* [DESCRIPTION OF THE TASK] Could you print the listing again exactly, omitting the pictures?

* [RECORDED INFORMATION]
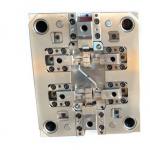 A413 Aluminium Gravity Casting A356 Cast Aluminum Engine Block for sale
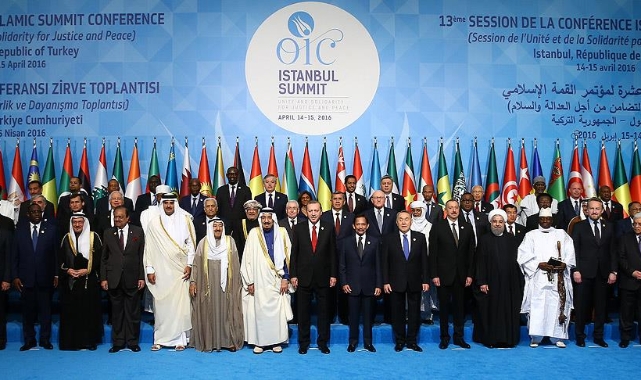 İstanbul'da tarihi zirvenin gündemi belli oldu!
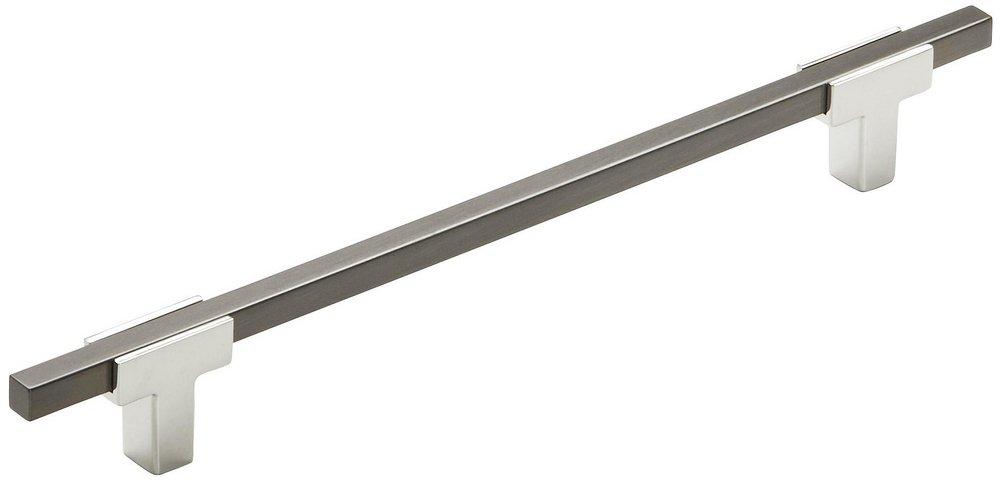 7-9/16 CP/BLCP CAB DWR PULL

* [TASK SOLUTION]
 A413 Aluminium Gravity Casting A356 Cast Aluminum Engine Block for sale
 İstanbul'da tarihi zirvenin gündemi belli oldu!
 7-9/16 CP/BLCP CAB DWR PULL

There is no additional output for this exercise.